I'm a bit confused reading through some textbook material regarding under/over voltage when dealing with A/C induction motors. What I believe I understand is this:

---A given motor operating at a lower voltage than rated on the nameplate will cause the motor to overheat and burn up from the high amps passing through it.

---A given motor that is operating under a heavier load than rated on the nameplate (in Horsepower) will cause the motor to overheat and burn up from the high amps passing through it.


So my question is this.......If an induction motor has a given impedance/resistance (in ohms) then wouldn't it burn up from a higher voltage than rated on the nameplate as well? (Due to I/R)

Looking for some guidance!

 

[gar]

180831-2361 EDT

RD12:

A motor, AC or DC, is not a constant impedance.

To a large extent a motor can be viewed as two separate power components, losses and power delivered to the shaft load.

The biggest power component at full load is output power. If motor RPM is approximately constant, then shaft power output is approximately constant.

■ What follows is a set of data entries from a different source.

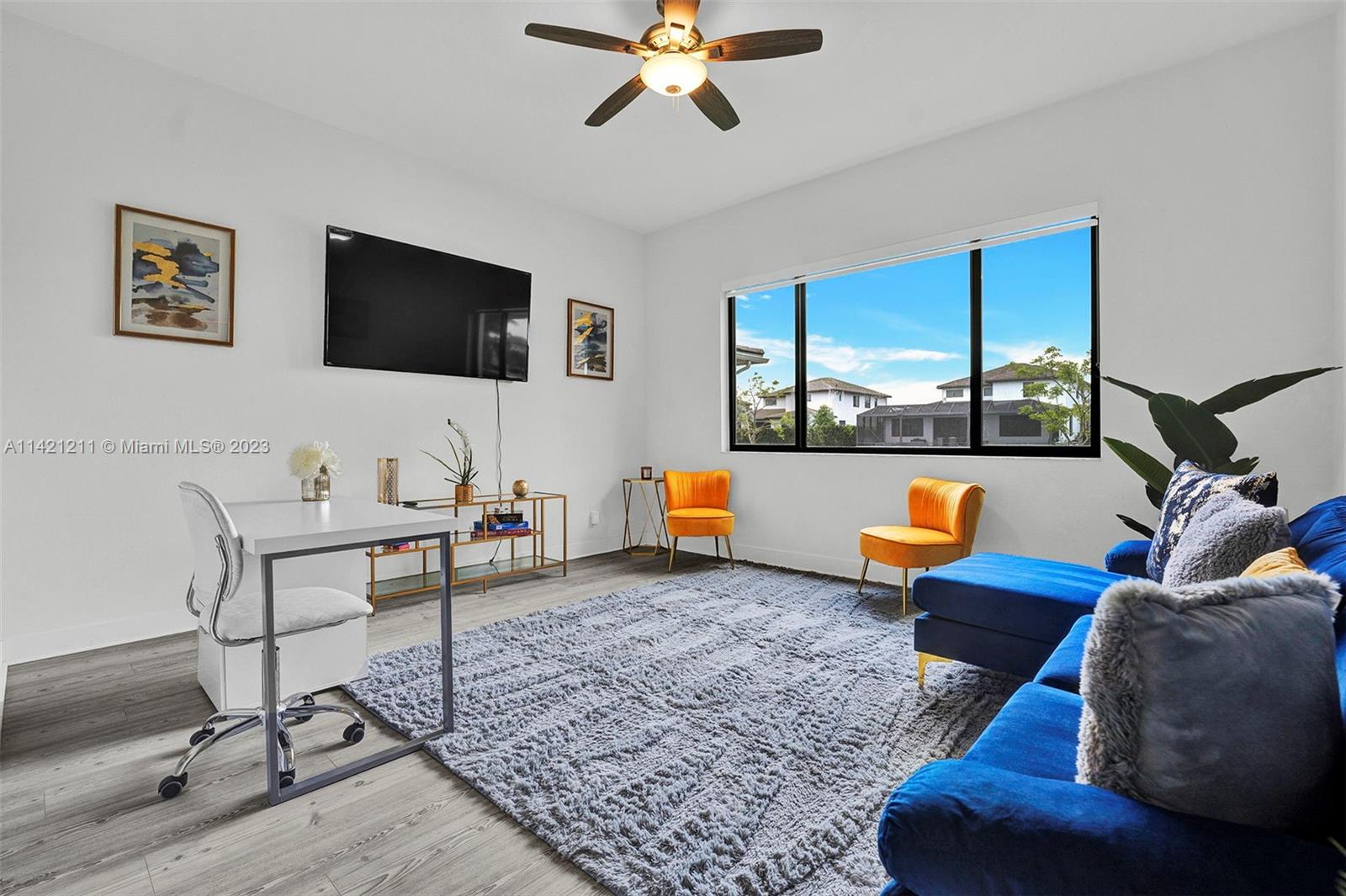 TRIPLE H RANCH PLAT - Residential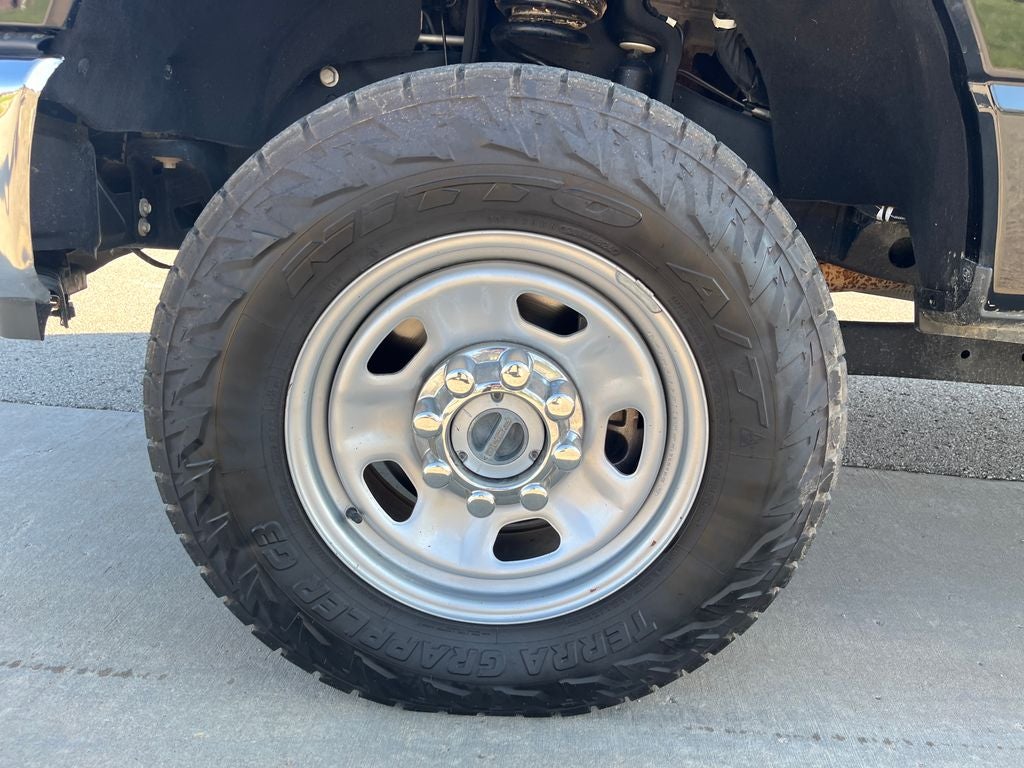 2023 Ford F-350SD XL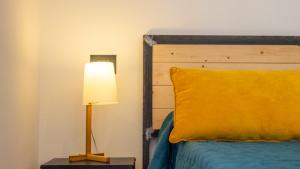 Chambre Simple avec Salle de Bains Privative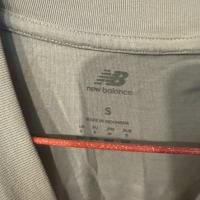Polera New Balance talla S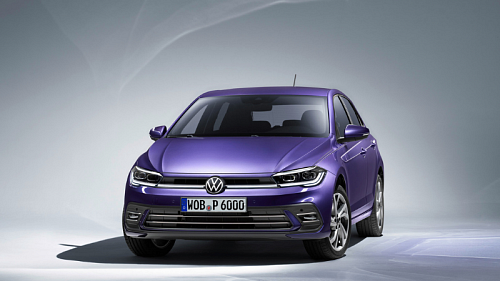 Nový Volkswagen Polo již v předprodeji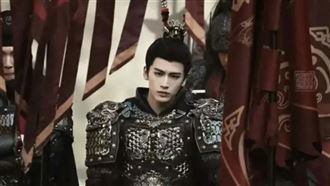 張凌赫被批不像將軍　遭官方點名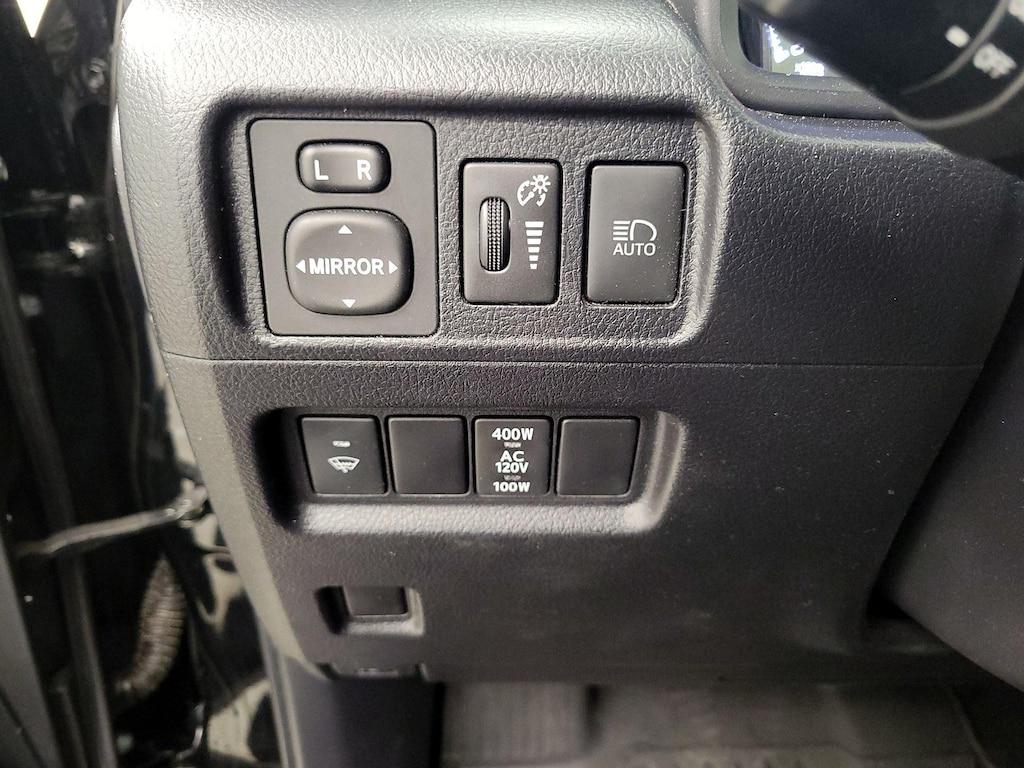 used 2021 Toyota 4Runner car, priced at $37,998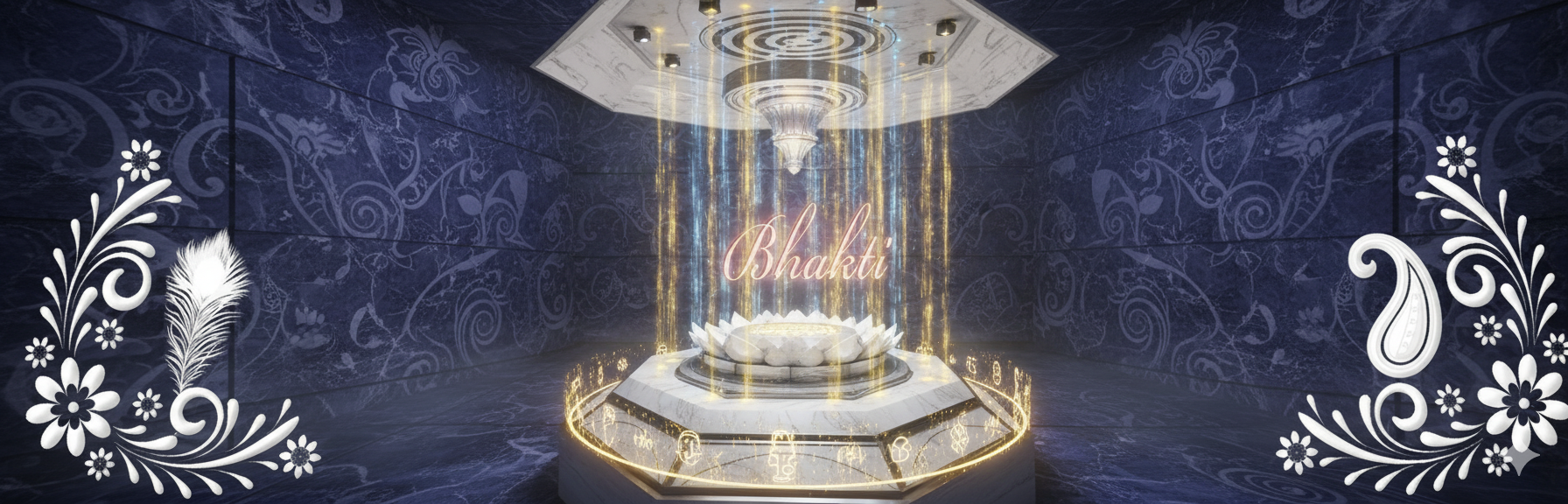 Bhakti is Extremely Difficult-to-Attain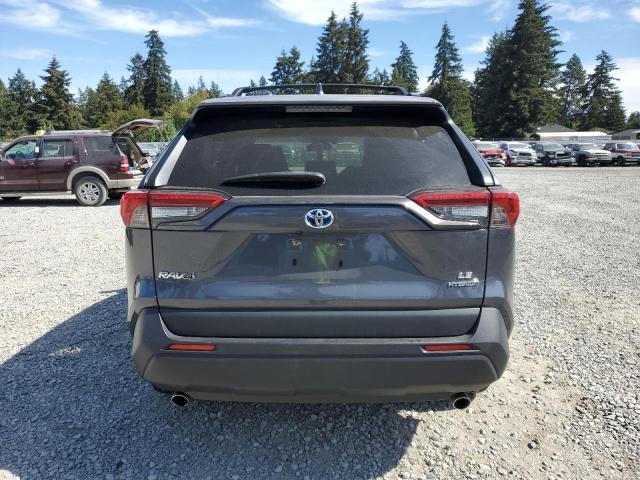Photo 6 from auction – 2019 TOYOTA RAV4 LE with VIN JTMMWRFVXKD002907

Which means motor input power is approximately constant.

If motor power input is approximately constant as voltage is changed, then input current will vary inversely with input voltage.

.

 

[ActionDave]

The short answer is a motor has to spin or it will burn up. Too low voltage and it can't spin and it burns up. Too high voltage it burns up before it starts to spin.

The key to getting this is separating impedance from resistance, how they are similar and how they are different.

Your gut is right on about this. Motors are a strange animal, but if you get them then you get a whole lot of electrical stuff.

 

[GoldDigger]

Another way to look at it is that the motor winding current is the result of three factors in addition to the applied voltage:
1. The winding resistance
2. The winding inductance, assuming the iron core does not saturate.
3. The counter-EMF developed as the result of the rotation.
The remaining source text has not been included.